• INFORMATION SHOWN
──────────────────────────────
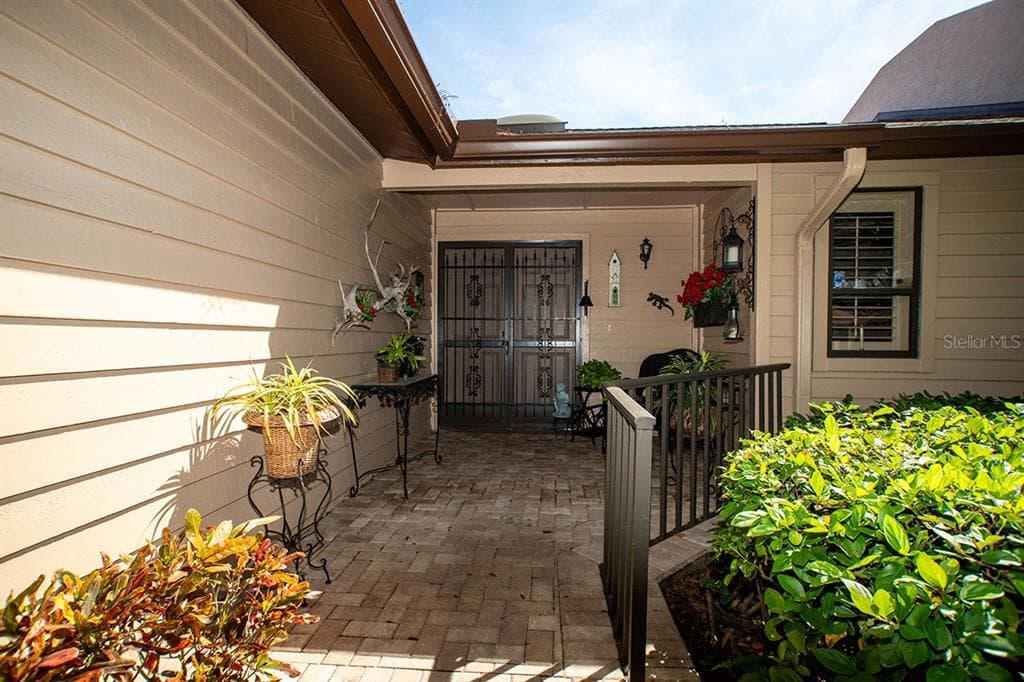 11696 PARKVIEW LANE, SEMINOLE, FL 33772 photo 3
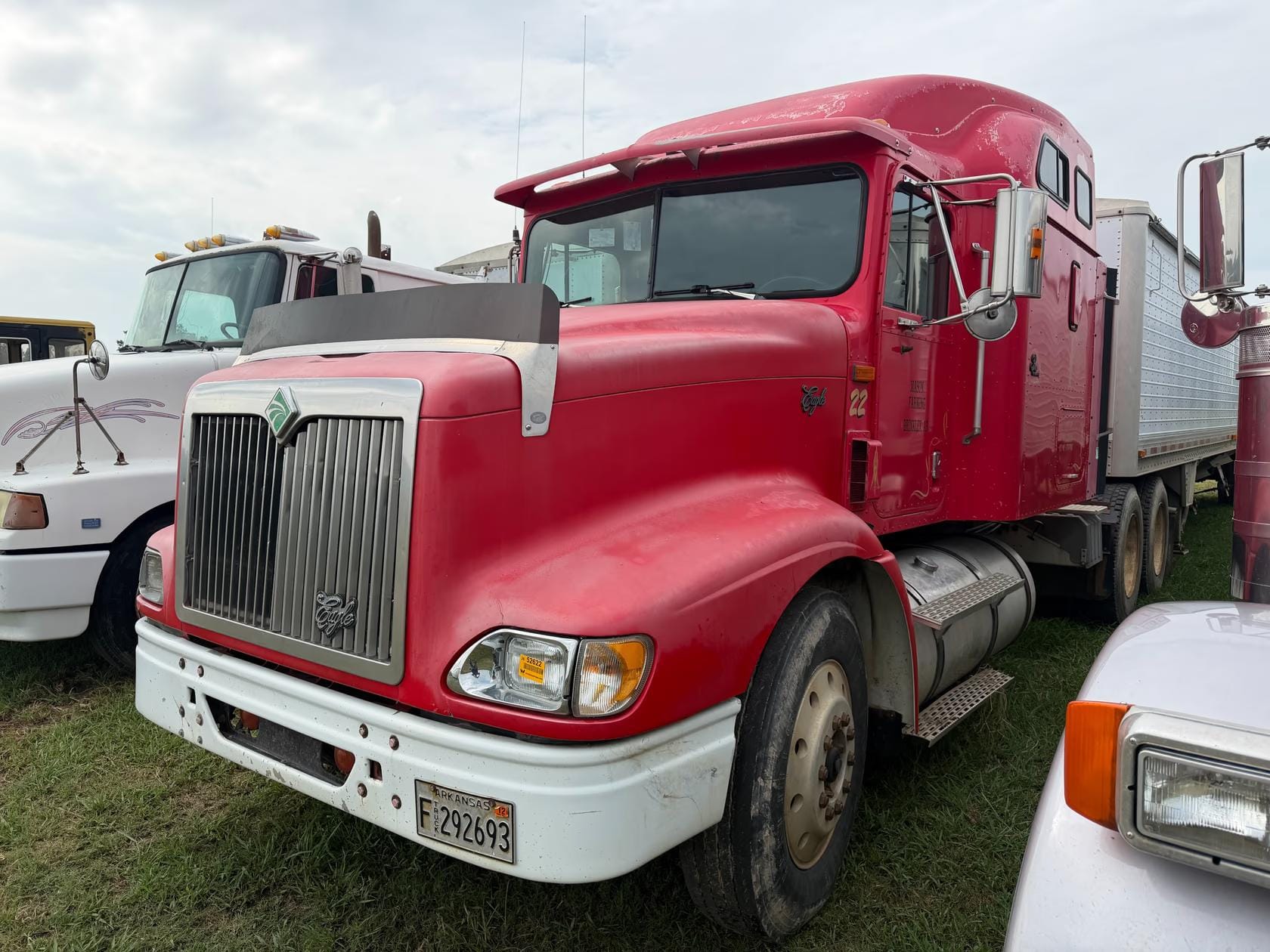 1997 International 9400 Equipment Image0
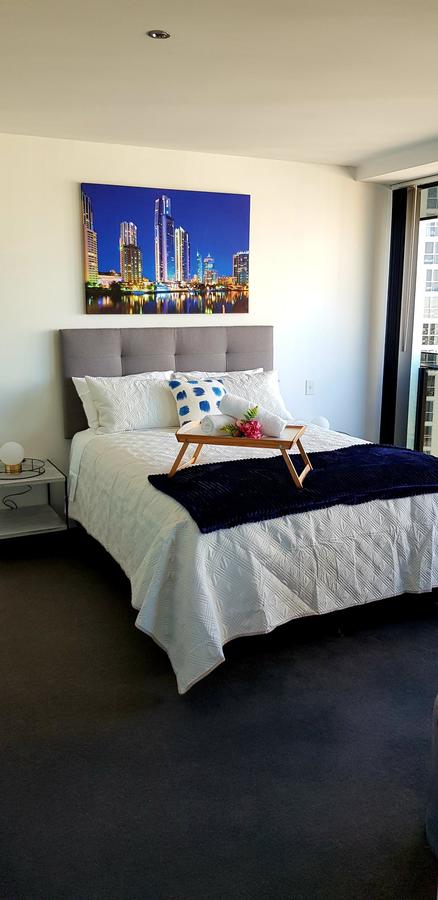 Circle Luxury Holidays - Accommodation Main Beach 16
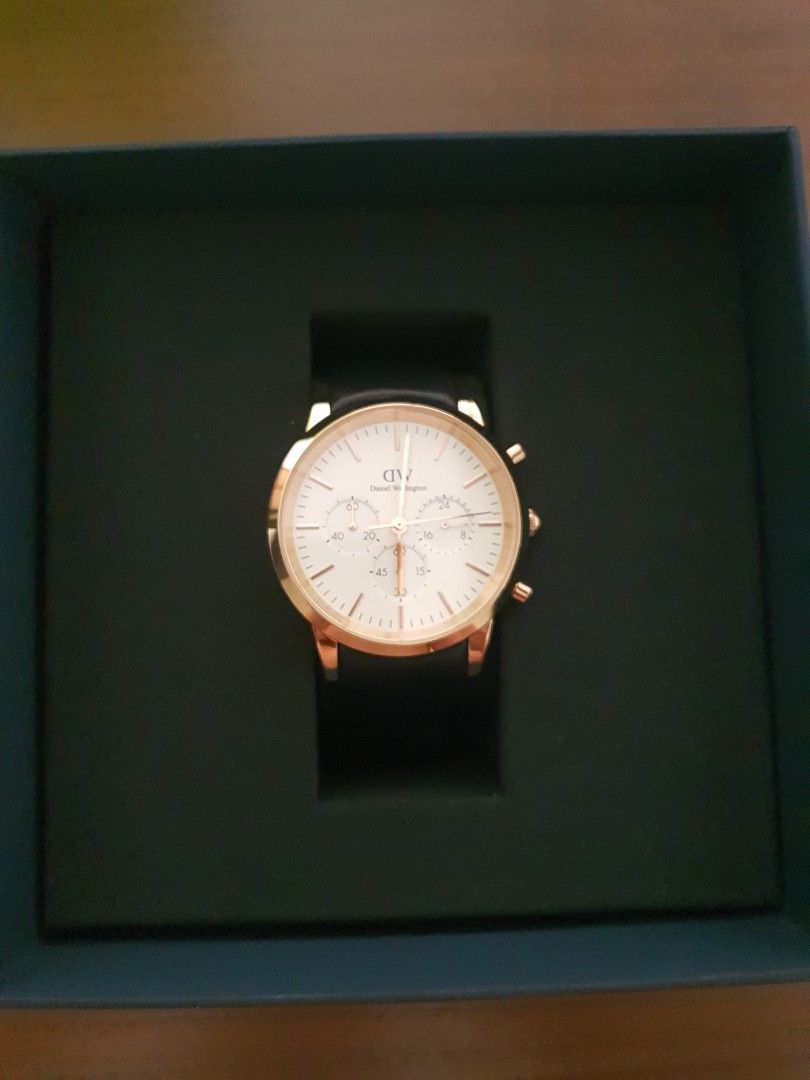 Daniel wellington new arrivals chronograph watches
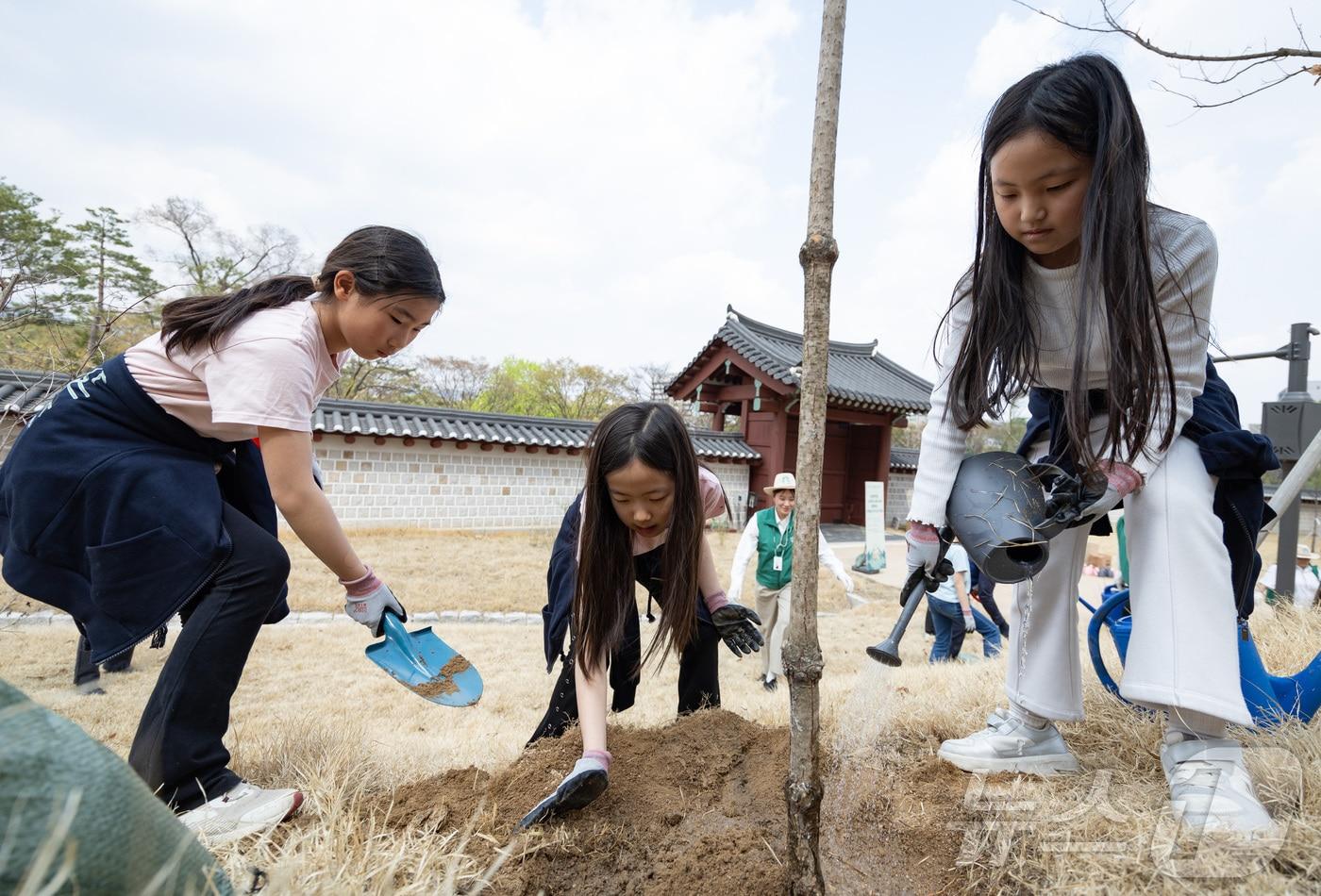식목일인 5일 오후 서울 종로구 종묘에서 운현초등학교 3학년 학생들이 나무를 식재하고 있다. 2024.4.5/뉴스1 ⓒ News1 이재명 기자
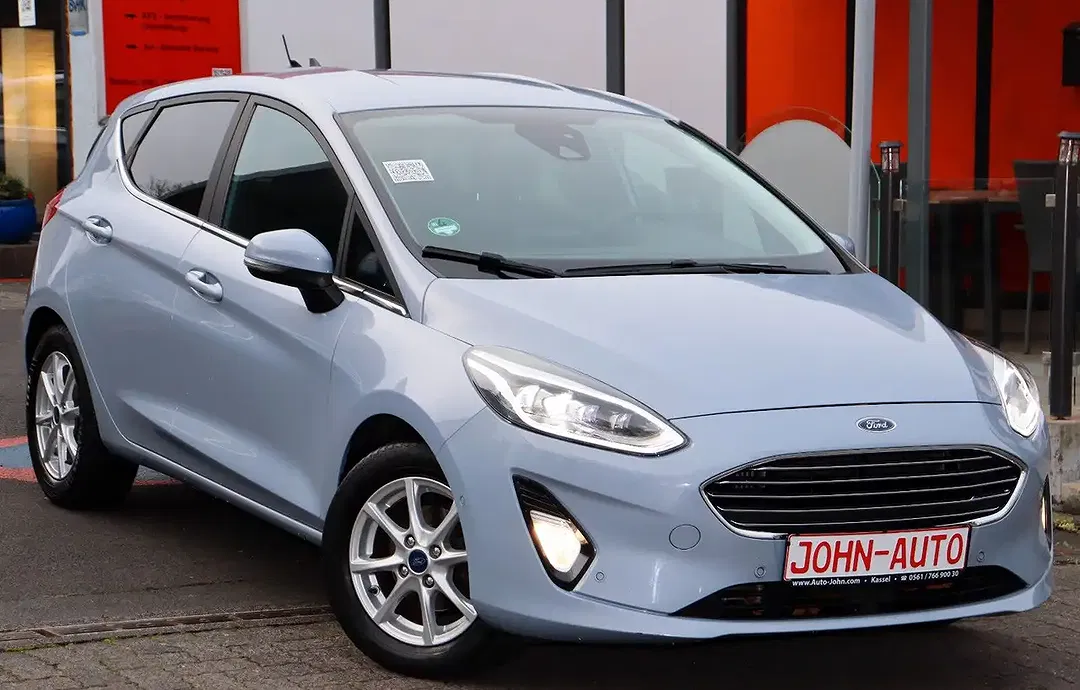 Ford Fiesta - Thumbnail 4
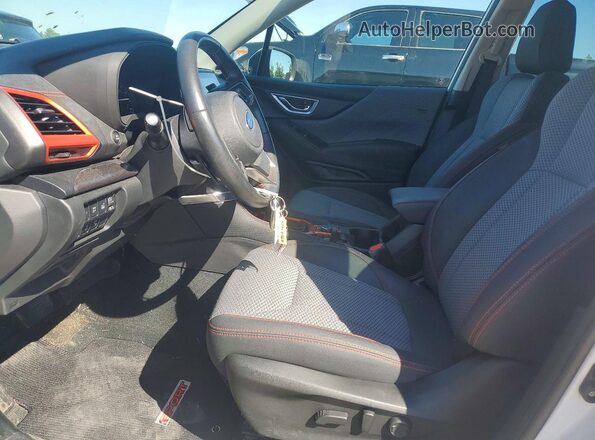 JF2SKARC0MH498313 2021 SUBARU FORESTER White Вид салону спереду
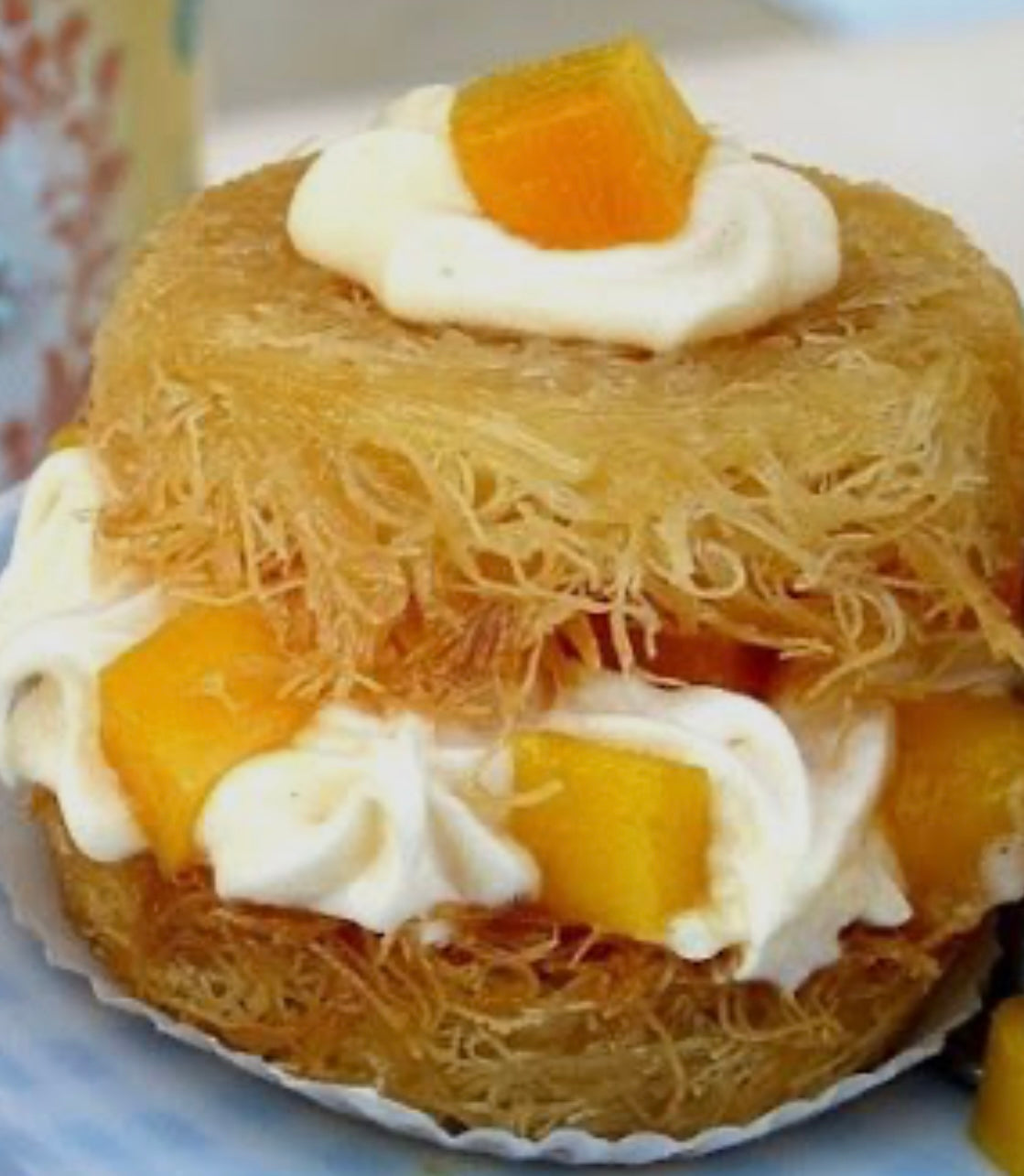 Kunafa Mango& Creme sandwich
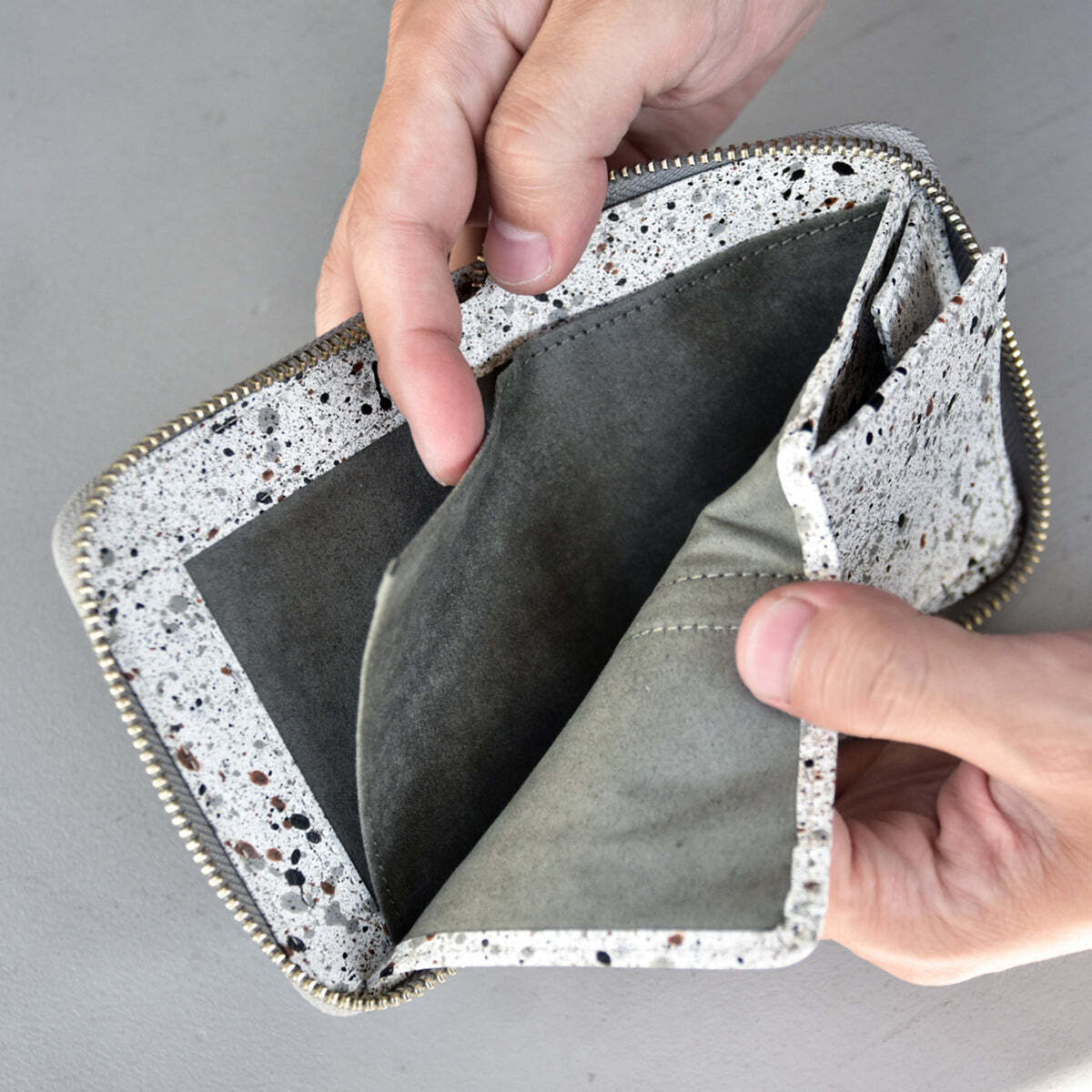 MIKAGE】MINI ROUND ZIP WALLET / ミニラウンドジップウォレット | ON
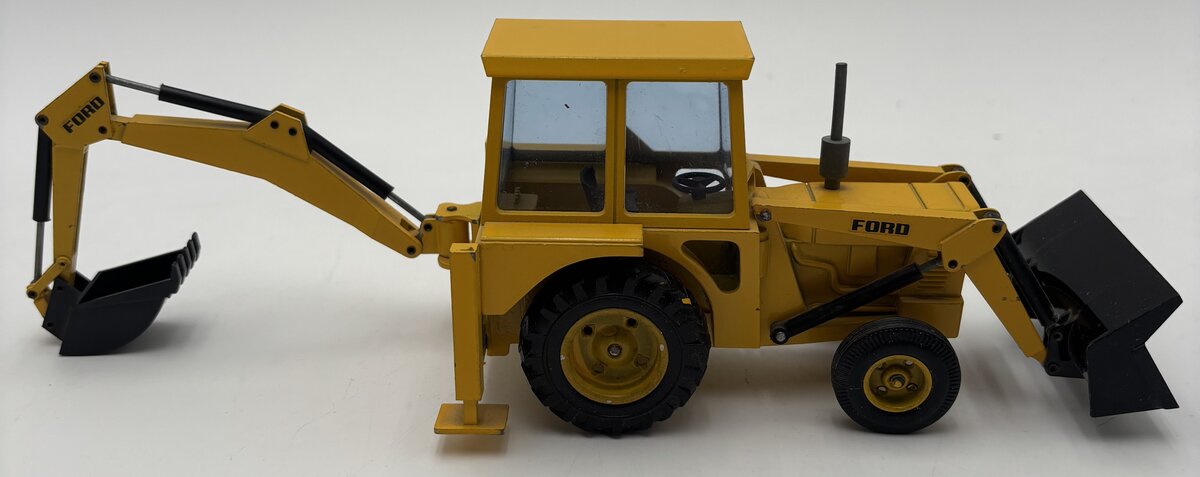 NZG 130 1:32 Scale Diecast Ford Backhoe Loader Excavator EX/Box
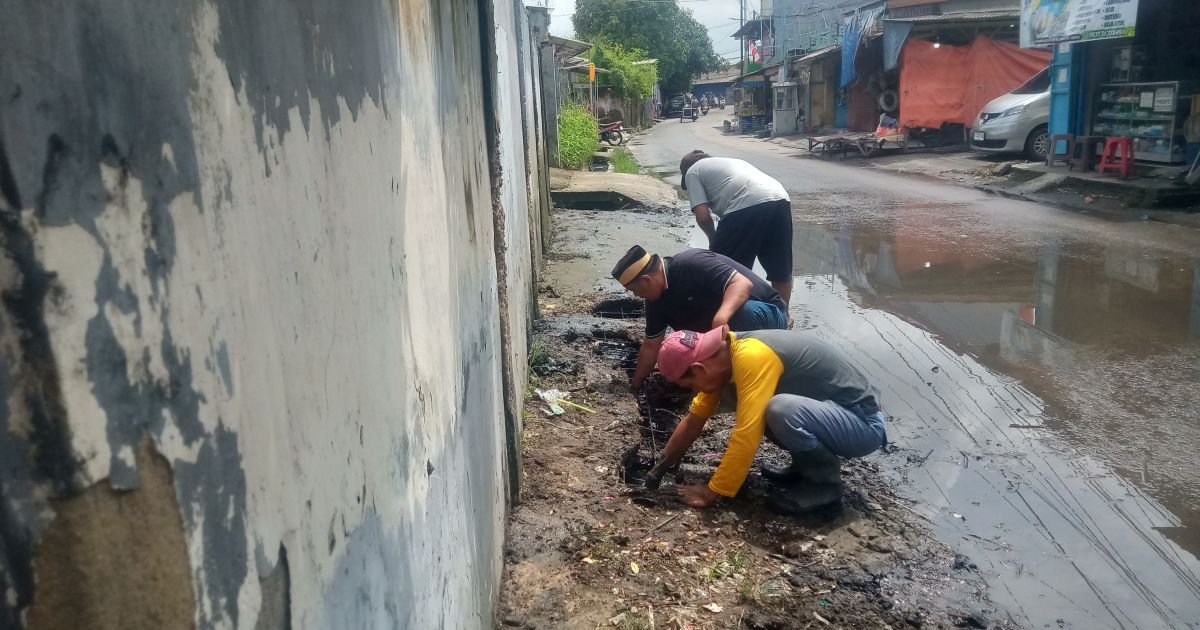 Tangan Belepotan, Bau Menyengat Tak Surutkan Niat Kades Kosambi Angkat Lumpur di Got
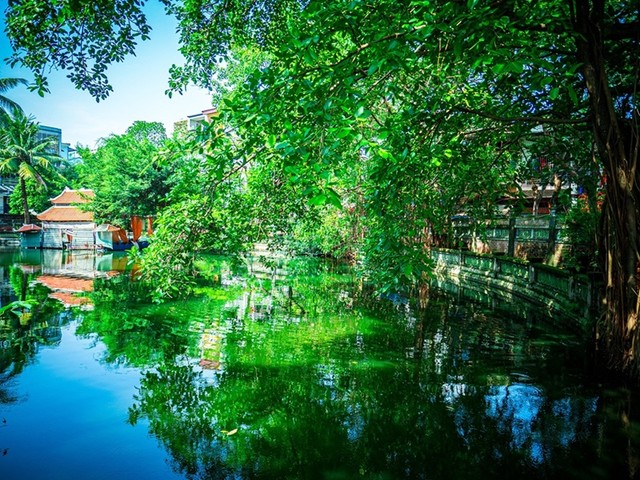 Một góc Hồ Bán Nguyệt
──────────────────────────────
• EXERCISE BRIEF
Leave every picture out, and repeat exactly the lines from the one containing "Daniel wellington new" through the last line of the entries, both ends included.

• RESPONSE FOR THIS EXERCISE
 Daniel wellington new arrivals chronograph watches
식목일인 5일 오후 서울 종로구 종묘에서 운현초등학교 3학년 학생들이 나무를 식재하고 있다. 2024.4.5/뉴스1 ⓒ News1 이재명 기자
 Ford Fiesta - Thumbnail 4
 JF2SKARC0MH498313 2021 SUBARU FORESTER White Вид салону спереду
 Kunafa Mango& Creme sandwich
 MIKAGE】MINI ROUND ZIP WALLET / ミニラウンドジップウォレット | ON
 NZG 130 1:32 Scale Diecast Ford Backhoe Loader Excavator EX/Box
 Tangan Belepotan, Bau Menyengat Tak Surutkan Niat Kades Kosambi Angkat Lumpur di Got
 Một góc Hồ Bán Nguyệt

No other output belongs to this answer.